Le choix de l'économie de marché est-il maintenu ? Je pense que le choix de l'économie de marché n'est pas en cause. Les dernières mesures et actions des pouvoirs publics ne sont pas une remise en cause de cette option, surtout pas au moment où même Cuba se met à l'école des réformes pour la transition vers l'économie de marché ! On peut dire, sans risque de se tromper, que l'ensemble des mesures promulguées demeurent fortement ancrées dans le paradigme libéral. Les ajustements préconisés expriment plus un changement de trajectoire que d'orbite. Il reste que le mode de prise de décision de ces mesures, leur articulation à une politique économique nationale, le mode de communication institutionnelle comme leur mode d'implantation posent de véritables questions qu'il est nécessaire d'inventorier et de traiter.
N'y a-t-il pas un problème de vision ?
Il y a incontestablement un problème de vision et de finalité de ces révisions qui ont, on le constate, accentué la méfiance des agents économiques vis-à-vis de l'Etat et introduit des incertitudes dans leurs anticipations. Il y a à mon avis un sérieux problème de calcul de coût d'opportunité de ces mesures et de leurs retombées à terme sur le développement des entreprises et de la croissance économique hors hydrocarbures. Il est temps de faire la différence entre une réorganisation du commerce extérieur et de son mode de financement qui a pour but de réduire la facture des importations et une réorganisation du commerce extérieur dont la finalité stratégique est de protéger nos industries et de développer une nation manufacturière compétitive. Tout un programme.
De même, la gestion en matière de régulation financière reste incertaine. Ainsi, l'obligation du chèque pour les transactions financières a été reportée. N'y a-t- il pas risque de croissance de l'informel, de la contrefaçon (faux billets) ?

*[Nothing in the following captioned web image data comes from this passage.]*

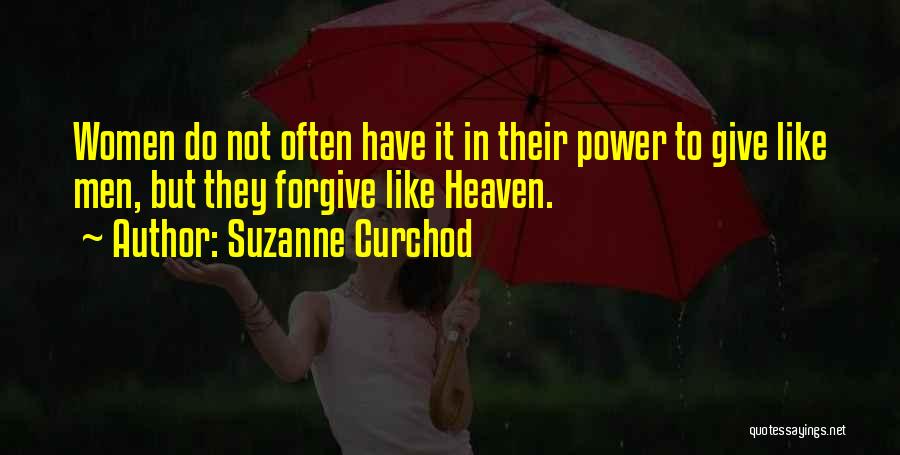 Suzanne Curchod Quotes: Women Do Not Often Have It In Their Power To Give Like Men, But They Forgive Like Heaven.
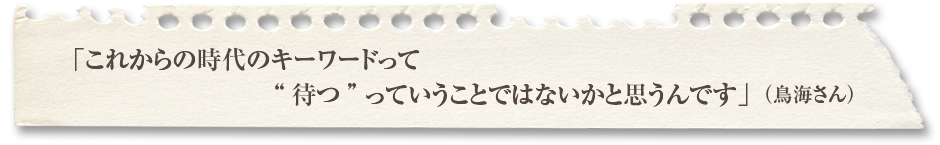 「これからの時代のキーワードって待つっていうことではないかと思うんです」（鳥海さん） 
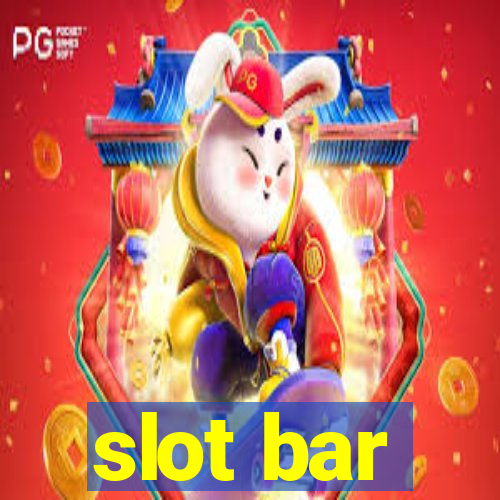 slot bar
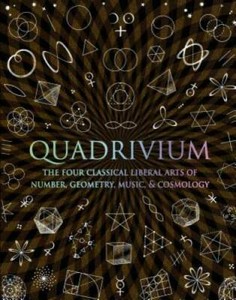 Quadrivium: The Four Classical Liberal Arts of Number, Geometry, Music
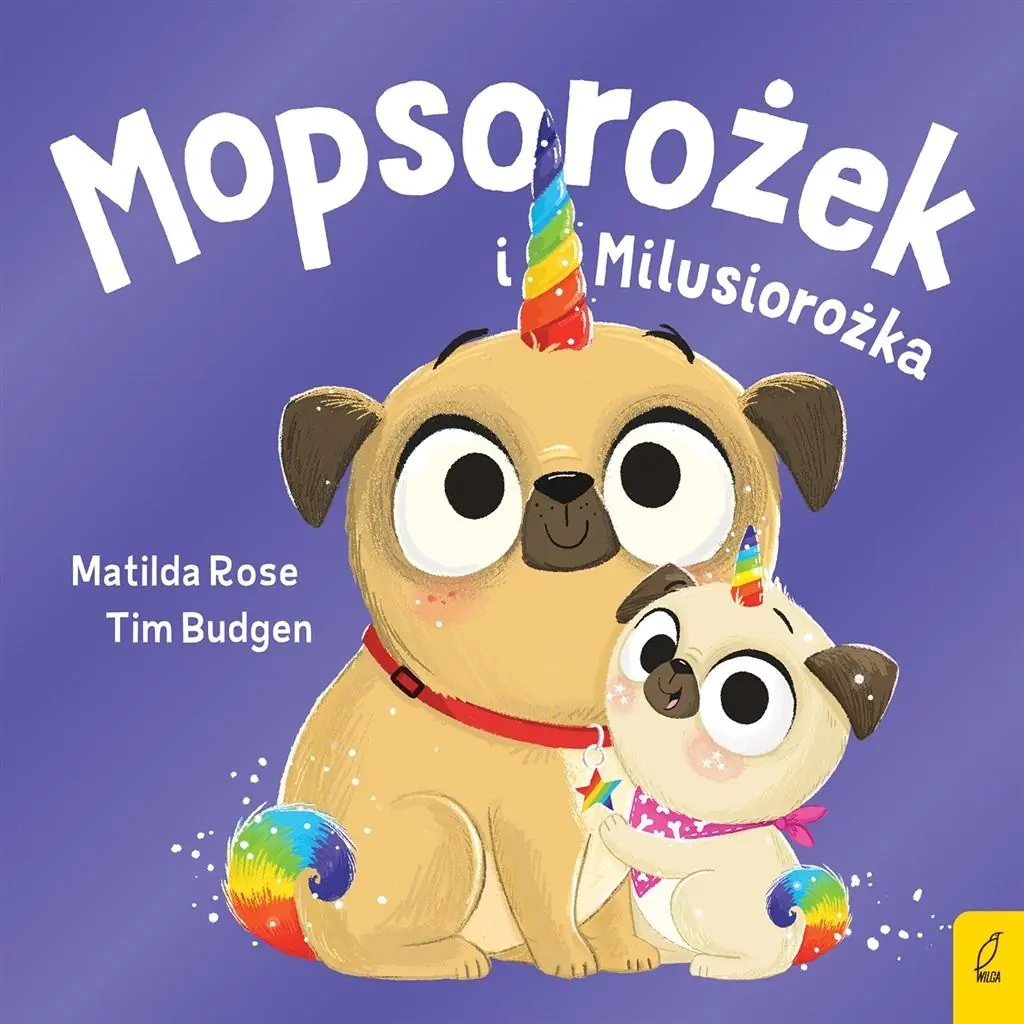 Książka - Sklepik z magicznymi zwierzętami. Mopsorożek i Milusiorożka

L'Etat essaye à juste titre et en toute légitimité de récupérer ses périmètres de missions régaliennes et de corriger jusqu'à mettre fin aux graves déséquilibres concurrentiels qui minent l'économie nationale à travers les nuisances que ne cesse de générer le secteur informel notamment mais pas seulement. Depuis les années 90, l'Etat a perdu beaucoup de ses territoires en tant que puissance publique et agent de régulation. Du non-respect des poids et mesures (le budget de l'Etat consacré à la métrologie aux Etats-Unis d'Amérique est, tenez-vous bien, de 5% du PIB au pays du libéralisme !) aux excroissances urbaines internes et externes à la ville, il y a tout un travail de retour de l'Etat qui est à l'ordre du jour et que personne ne peut nier. Le processus de reconquête des attributs régaliens de l'Etat ne sera pas facile, ni de tous repos. C'est sans aucun doute, un des lieux de test de l'efficacité des réformes de l'Etat qu'on suppose déjà réalisées. La démarche répressive n'est pas la seule voie. Elle peut même s'avérer contreproductive voire source de tensions. La réflexion doit s'orienter vers une démarche de traitement inclusive des agents et acteurs de l’économie informelle. Le coût d'accès à la règle économique légale est toujours élevé dans notre pays, d'où le recours, des jeunes notamment, à l'économie clandestine. Cette démarche doit pouvoir reposer sur un mode de production et de consommation de l'autorité de l'Etat fondé sur la légitimité et la légalité de ses interventions sans lesquelles, aucune efficacité n'est possible à moyen et long terme. Le contrôle collectif est, on ne le dit pas, au cœur des attributs et de l'action des institutions dans une économie de marché. Sans un contrôle collectif effectif et systémique, c'est le déséquilibre concurrentiel structurel qui s'installe durablement avec des pratiques et des comportements économiques et sociaux où les mauvais compétiteurs sont favorisés et gagnent toujours au détriment des bons compétiteurs. Ce qui rend impossible le développement d'une économie réellement productive et compétitive. Il est temps de réaliser la grande chirurgie dont a besoin l'économie nationale. Ce qui exige débat et stratégie d'optimisation de l'adhésion de larges couches de la société aux projets du changement global attendu.